[[ GIVEN DATA open ]]
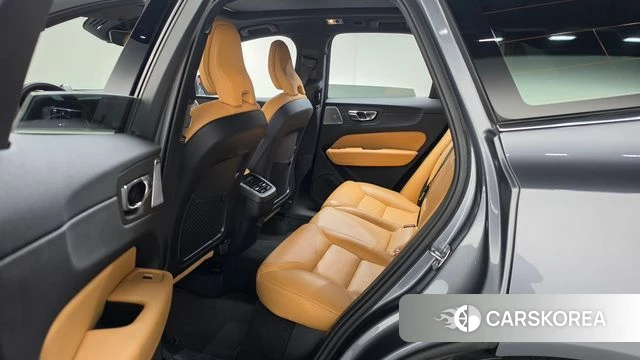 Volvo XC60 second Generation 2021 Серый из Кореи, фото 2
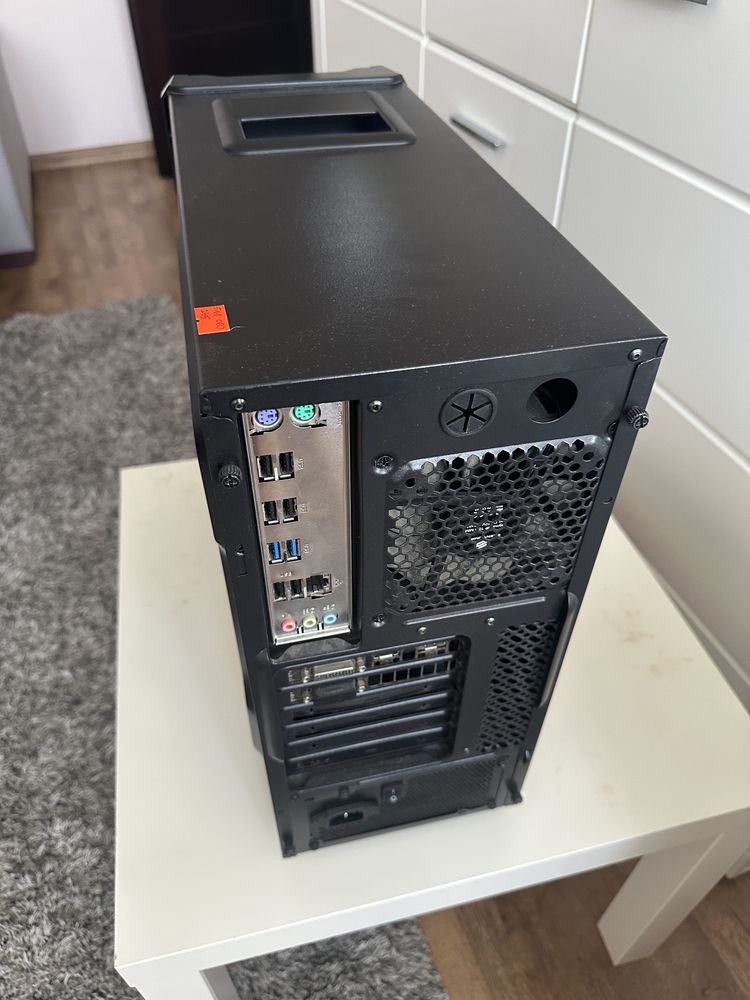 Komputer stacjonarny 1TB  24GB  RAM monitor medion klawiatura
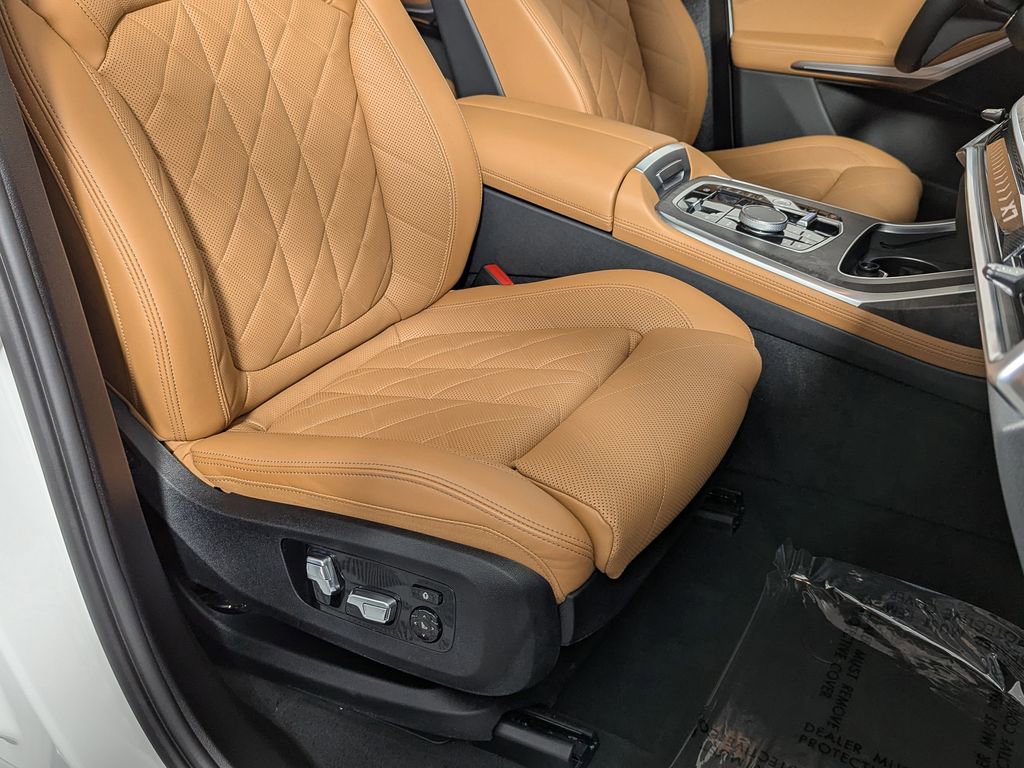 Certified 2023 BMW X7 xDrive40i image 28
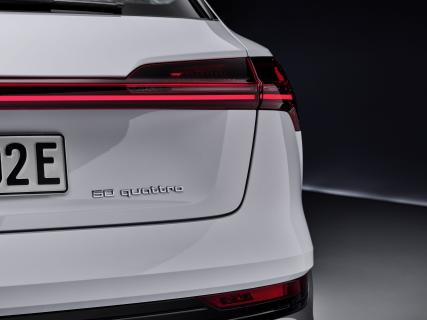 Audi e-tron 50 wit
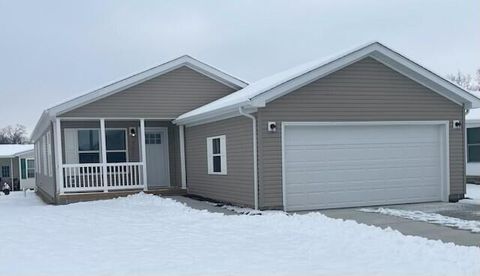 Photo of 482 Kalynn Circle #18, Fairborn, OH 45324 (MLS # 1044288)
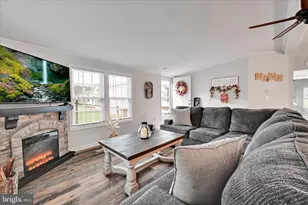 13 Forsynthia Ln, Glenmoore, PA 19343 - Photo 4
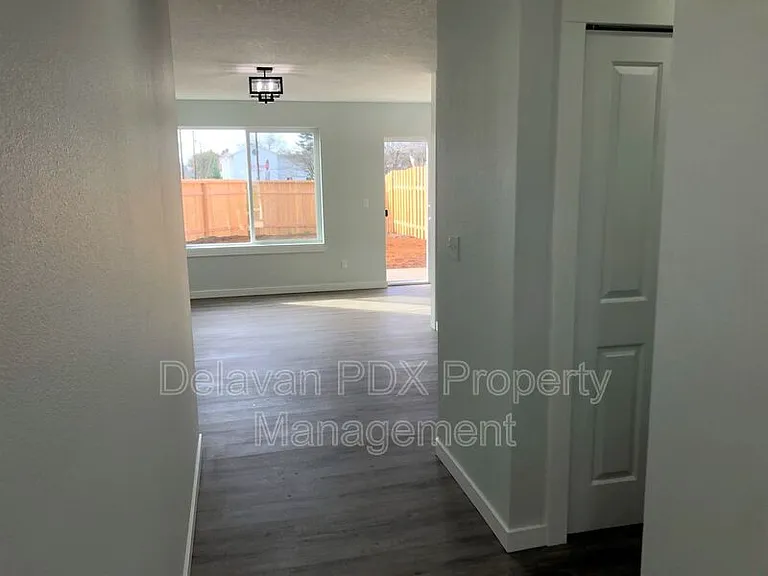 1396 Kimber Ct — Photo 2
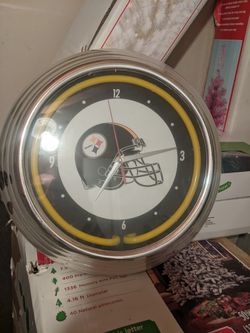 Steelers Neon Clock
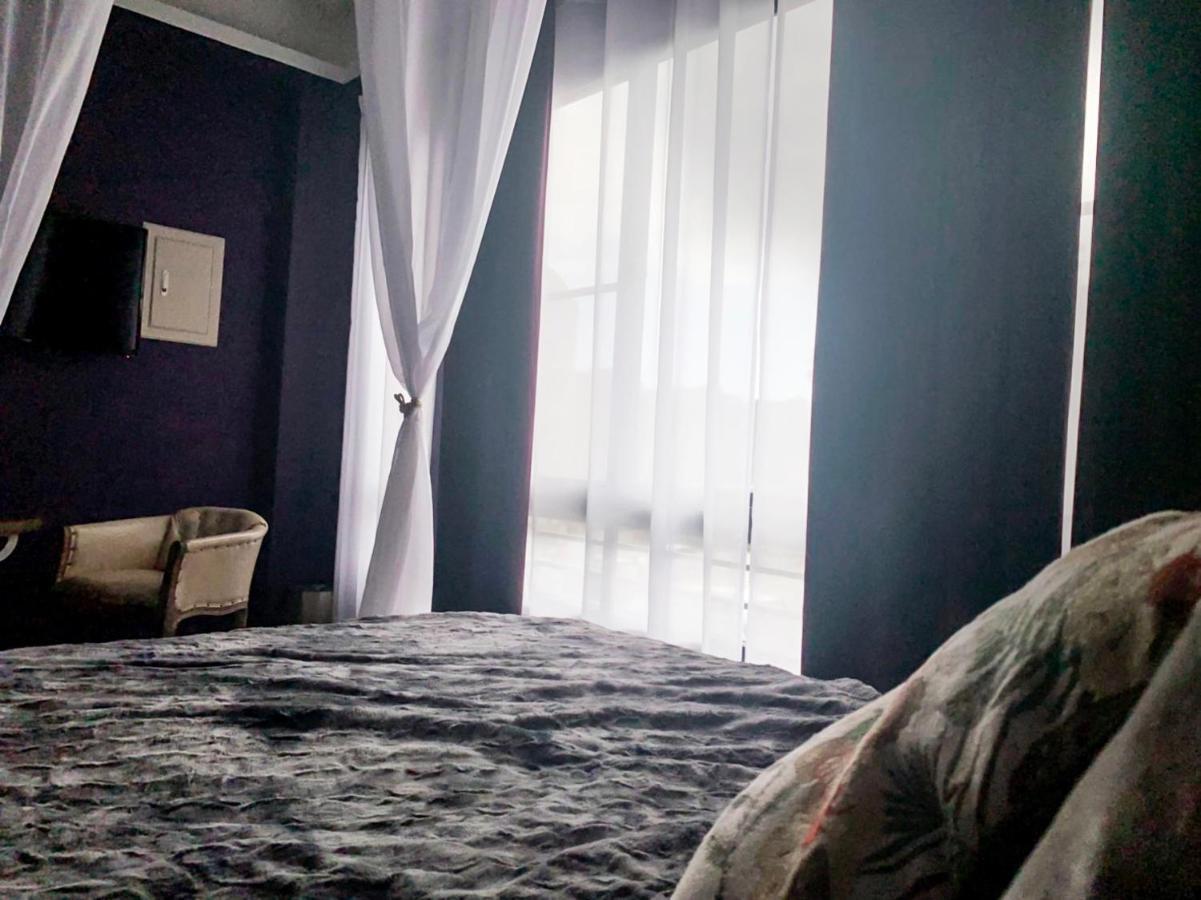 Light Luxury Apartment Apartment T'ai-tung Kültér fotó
[[ GIVEN DATA closed ]]
Which lines run from the one holding "Photo of 482" through the end of the records? Reproduce them word for word, both ends included, with no pictures.

-- THE ANSWER --
 Photo of 482 Kalynn Circle #18, Fairborn, OH 45324 (MLS # 1044288)
 13 Forsynthia Ln, Glenmoore, PA 19343 - Photo 4
 1396 Kimber Ct — Photo 2
 Steelers Neon Clock
 Light Luxury Apartment Apartment T'ai-tung Kültér fotó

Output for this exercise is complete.